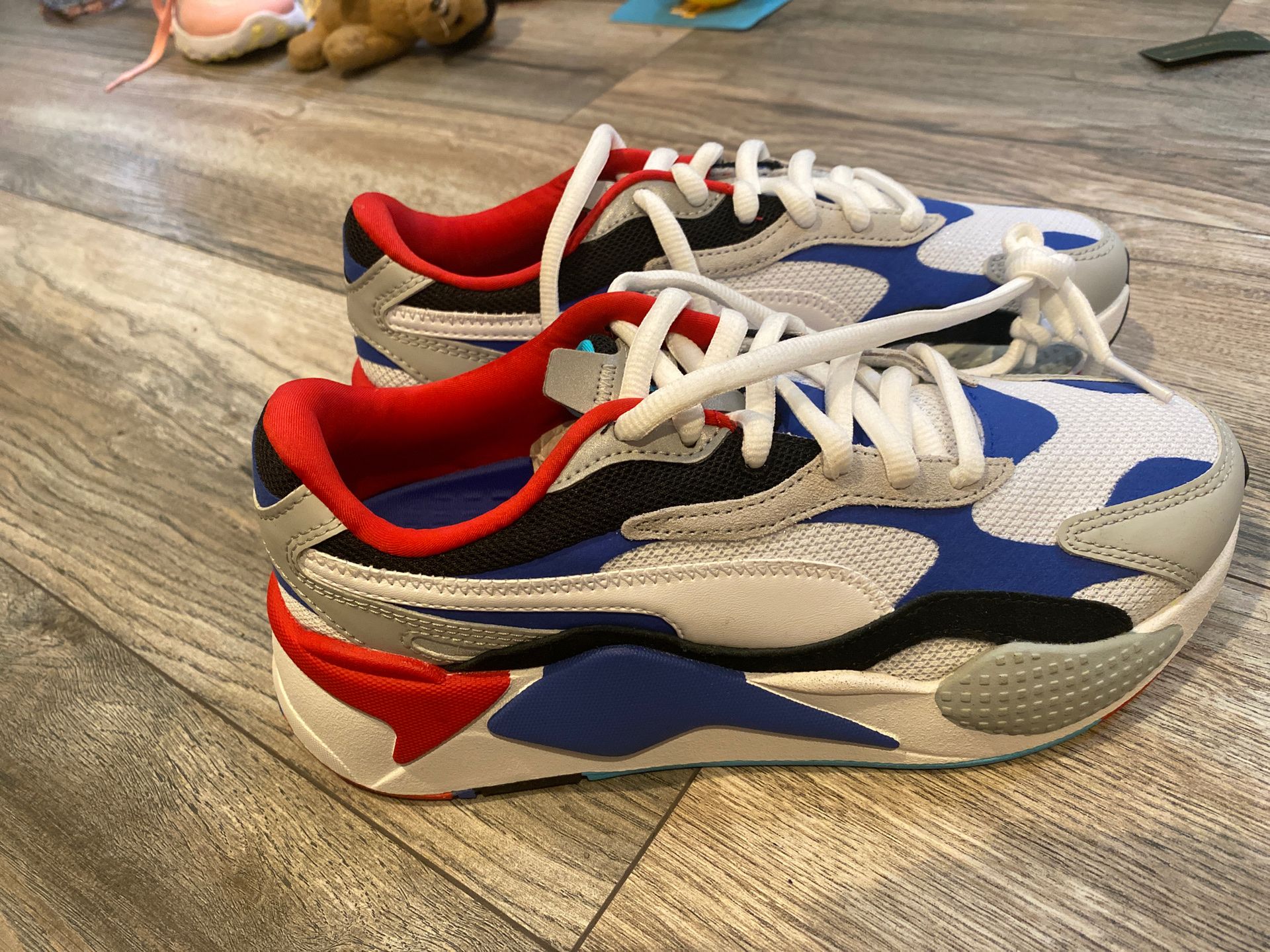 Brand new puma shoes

┄┄┄┄┄┄┄┄┄┄┄┄┄┄┄┄┄┄┄┄

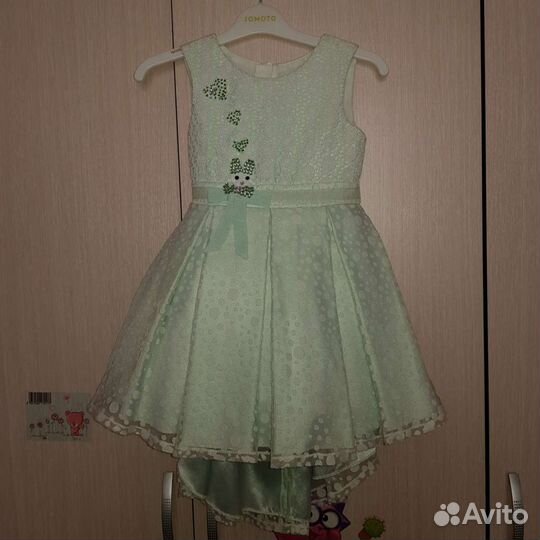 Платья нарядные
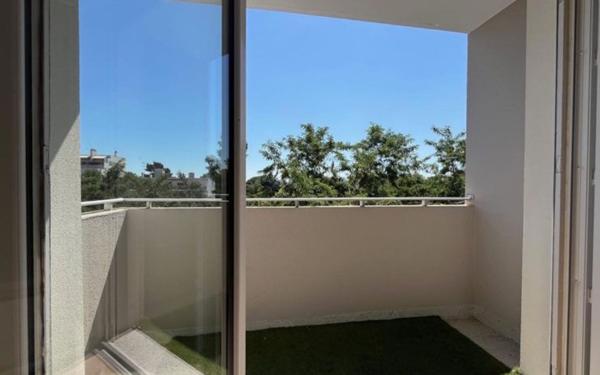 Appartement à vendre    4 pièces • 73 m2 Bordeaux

┄┄┄┄┄┄┄┄┄┄┄┄┄┄┄┄┄┄┄┄

> [REQUIRED ACTION]: Repeat exactly, and only, the entries from the line with "Платья нарядные" through the line with "Appartement à vendre". Pictures are skipped.

> [FINISHED EXERCISE]:
 Платья нарядные
 Appartement à vendre    4 pièces • 73 m2 Bordeaux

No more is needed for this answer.